-- Opening Marker --

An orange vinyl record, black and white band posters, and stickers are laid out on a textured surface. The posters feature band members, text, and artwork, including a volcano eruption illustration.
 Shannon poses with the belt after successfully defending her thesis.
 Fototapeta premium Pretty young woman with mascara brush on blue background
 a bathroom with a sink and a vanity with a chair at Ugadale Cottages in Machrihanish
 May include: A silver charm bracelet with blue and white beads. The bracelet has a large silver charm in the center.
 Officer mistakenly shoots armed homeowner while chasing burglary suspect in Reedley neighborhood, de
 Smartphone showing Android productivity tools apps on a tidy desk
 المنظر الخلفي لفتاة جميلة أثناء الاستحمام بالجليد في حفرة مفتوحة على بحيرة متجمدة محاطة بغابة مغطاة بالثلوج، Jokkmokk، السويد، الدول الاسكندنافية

-- Closing Marker --

ABOUT THIS EXERCISE — Repeat all of the records exactly.

ANSWER SPACE —
An orange vinyl record, black and white band posters, and stickers are laid out on a textured surface. The posters feature band members, text, and artwork, including a volcano eruption illustration.
 Shannon poses with the belt after successfully defending her thesis.
 Fototapeta premium Pretty young woman with mascara brush on blue background
 a bathroom with a sink and a vanity with a chair at Ugadale Cottages in Machrihanish
 May include: A silver charm bracelet with blue and white beads. The bracelet has a large silver charm in the center.
 Officer mistakenly shoots armed homeowner while chasing burglary suspect in Reedley neighborhood, de
 Smartphone showing Android productivity tools apps on a tidy desk
 المنظر الخلفي لفتاة جميلة أثناء الاستحمام بالجليد في حفرة مفتوحة على بحيرة متجمدة محاطة بغابة مغطاة بالثلوج، Jokkmokk، السويد، الدول الاسكندنافية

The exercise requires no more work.